Likewise, I’ve slept with women who’d had scads of one-night stands but had never had a vaginal orgasm before in their lives, and rarely had clitoral ones.
(and vice versa; I’ve had women who loved one-night stands and would orgasm hard minutes into sex, and plenty of less experienced women who couldn’t cum to save their lives)
So, let’s say you’ve got a girlfriend who isn’t able to climax vaginally, or isn’t able to climax at all, and you want to train her to orgasm.
How do you do it?
You do it thus:
- Buy her a vibrator. Some men are threatened by vibrators, or see them as competition for them in sex. Or, as an insult – if she needs to use a vibrator, clearly her man isn’t getting the job done. But a vibrator allows her to figure out what feels best to her and to do that until she learns to climax. This doesn’t help you directly – what she’s doing to herself with the vibrator is very different from anything you’ll be doing to her – but what it does for you indirectly is wonderful: it trains her to orgasm, removes a lot of the pressure around orgasm from her, and shows her that orgasm is possible (many women believe they simply cannot climax if they’ve never been able to before).

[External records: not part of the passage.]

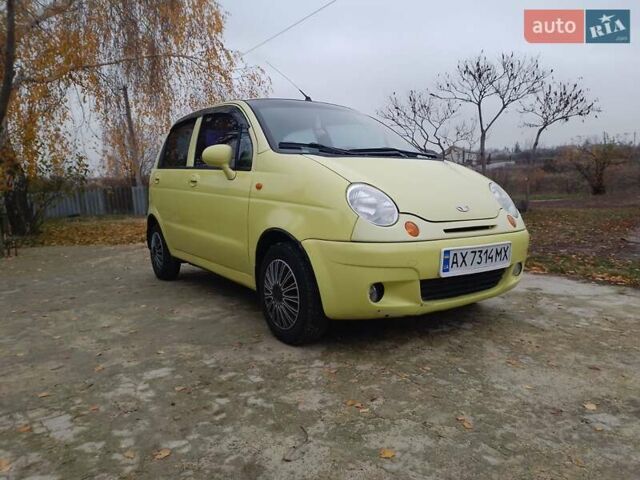 Желтый Дэу Матиз, объемом двигателя 0.8 л и пробегом 103 тыс. км за 2700 $, фото 1 на Automoto.ua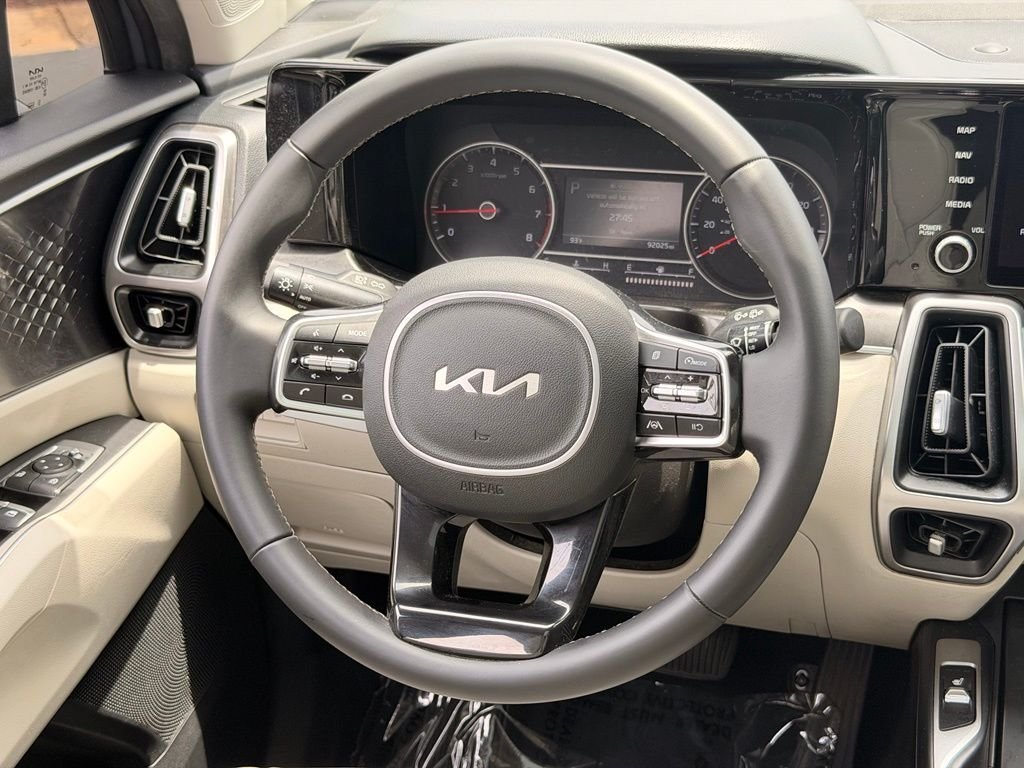 Used 2022 Silver Kia S image 20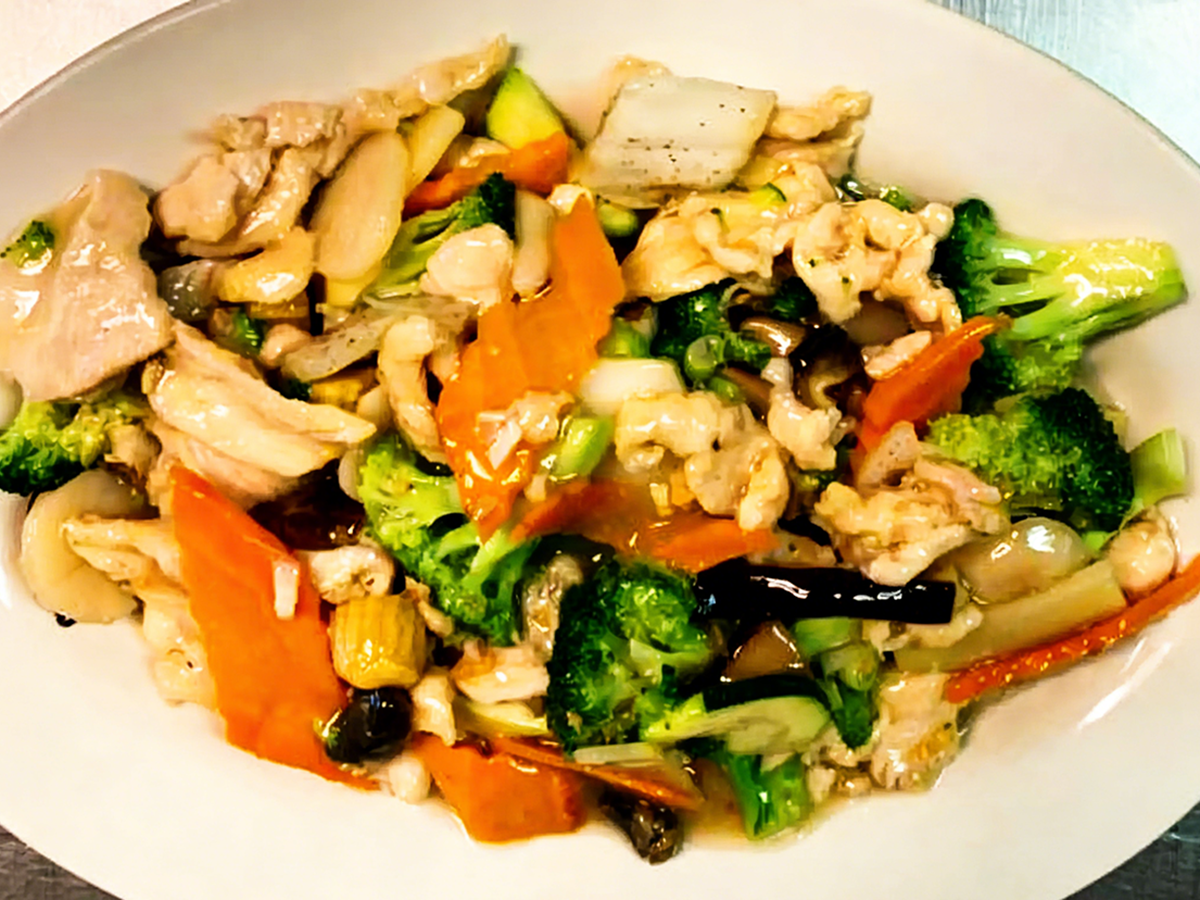 Tender chicken and fresh vegetables stir-fried to perfection at Gourmet House，a Chinese Restaurant in Algonquin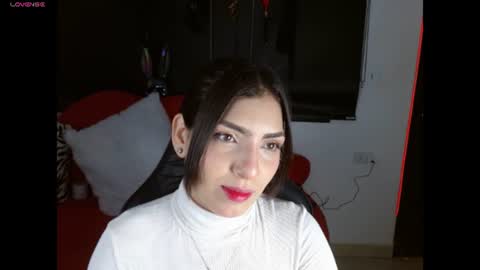 Caroline online show from July 2026 01:02:02 PM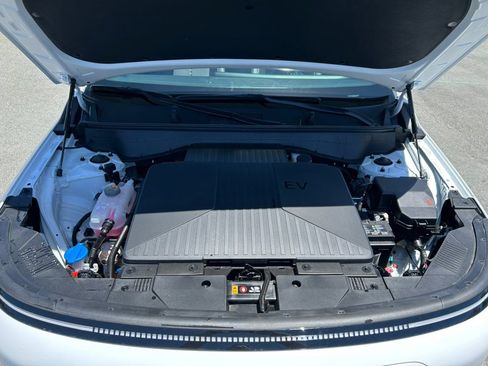 Used 2024 Hyundai Kona Limited FWD image 67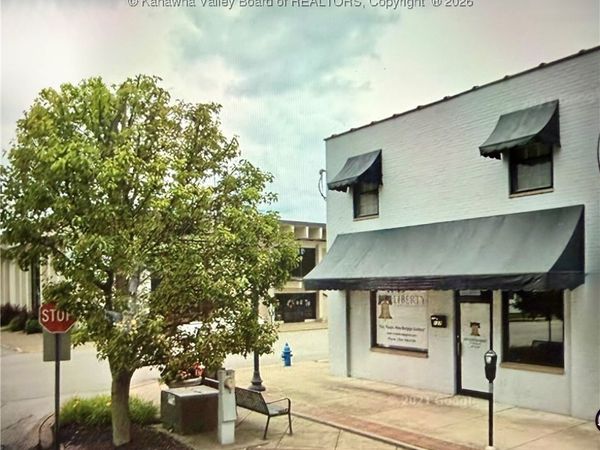 127 Court Street, Ripley, WV 25271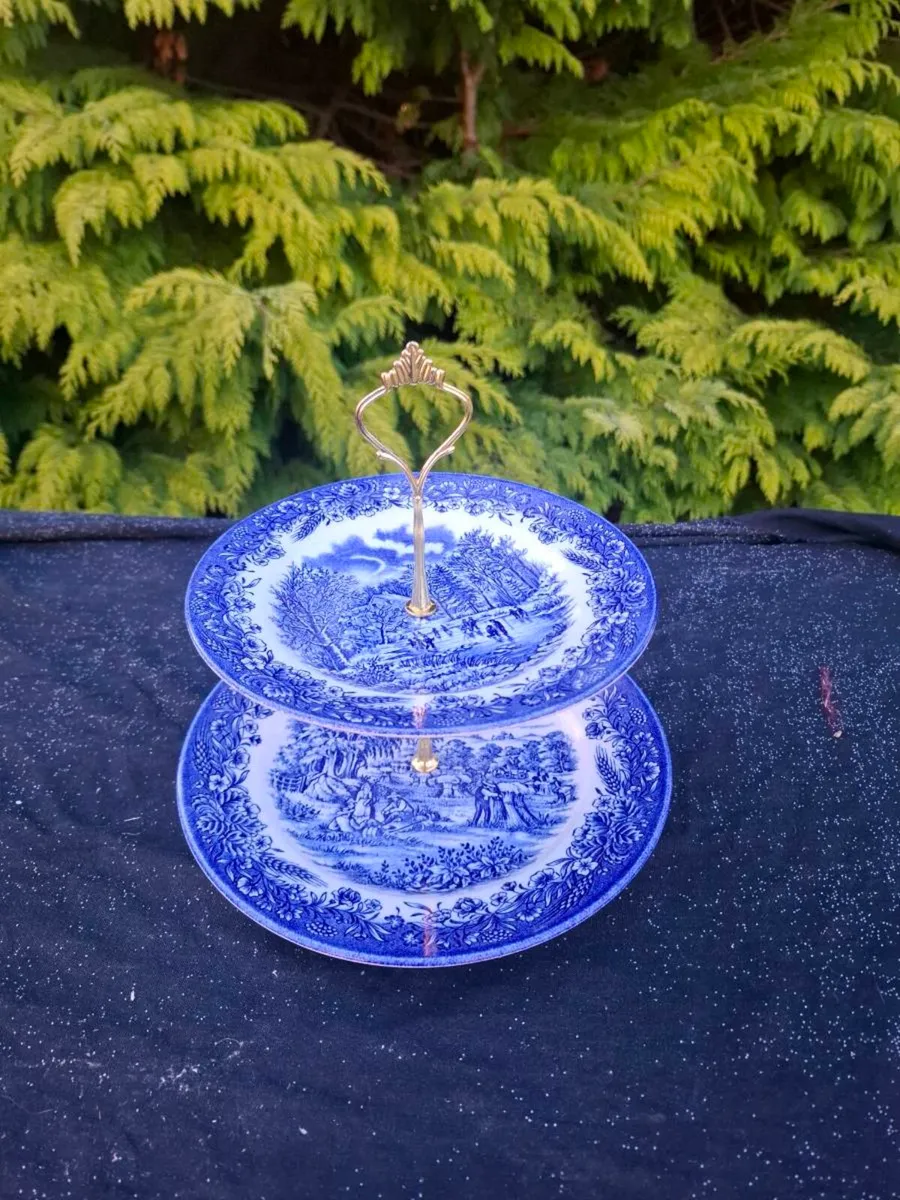 By post only blue cake stand - Image 1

- Tell her to shut up and stop stressing it. Particularly if you’re dating excitable women (and I, for one, like dating excitable women), you can have women begin to view orgasming as their “project,” and then start putting a lot of pressure on themselves to climax, and on you to make them climax. My girlfriend who took the longest for me to help her orgasm also put the most pressure on herself; she didn’t get better about this until I repeatedly scolded her by telling her, “So long as you keep putting pressure on yourself to get there, you will NEVER achieve orgasm, I promise you that much. So knock it off, stop stressing it, stop stressing ME, and just let me work my magic and you just enjoy it.” She finally calmed down about it, and a month or two later began orgasming from sex (progressively harder, too).
- Use adapted missionary. That’s the position discussed in “Make Her Orgasm Hard from Sex in 8 Minutes or Less.” I put this position together expressly for training women to orgasm vaginally by providing both clitoral and vaginal stimulation. The clitoral stimulation gets her excited enough that her mental defense mechanisms against enjoying a vaginal orgasm break down. Once she’s accustomed to vaginal orgasm, you can begin making her climax in all kinds of different positions that don’t involve clitoral stimulation at all, but during the training period, clitoral stimulation helps immensely.
On that last, here’s the deal: the clitoris is a lot more sensitive than the interior of the vagina. Anne Koedt mentions that the vagina is quite insensitive to touch, and this is right. The vagina is the female equivalent of the male penis head – touch it out of context and there’s virtually no sensation.
However, if you ever want to try something very interesting, get yourself close to the point of orgasm, then stroke or have your woman stroke your penis head. Suddenly, this insensitive part of the body becomes very sensitive… more sensitive than anywhere else, in fact.
The vagina/cervix functions the same way – this is why women with mental defense mechanisms in place and who haven’t learned to “let go” can’t orgasm from it.
Not until they learn to be completely in the moment, to lay back and enjoy, to trust that eventually, the orgasms will come, are they able to experience vaginal climax.
Each of those three steps above – buying her a vibrator (training her to orgasm and see orgasm as a more natural and less pressured thing), telling her to quit pressuring herself and that she’ll never orgasm while she IS, and using adapted missionary – which puts her in a trance-like state of rhythmic stimulation to both clitoris and vagina – is focused on clearing aside her worries and enabling her to cum.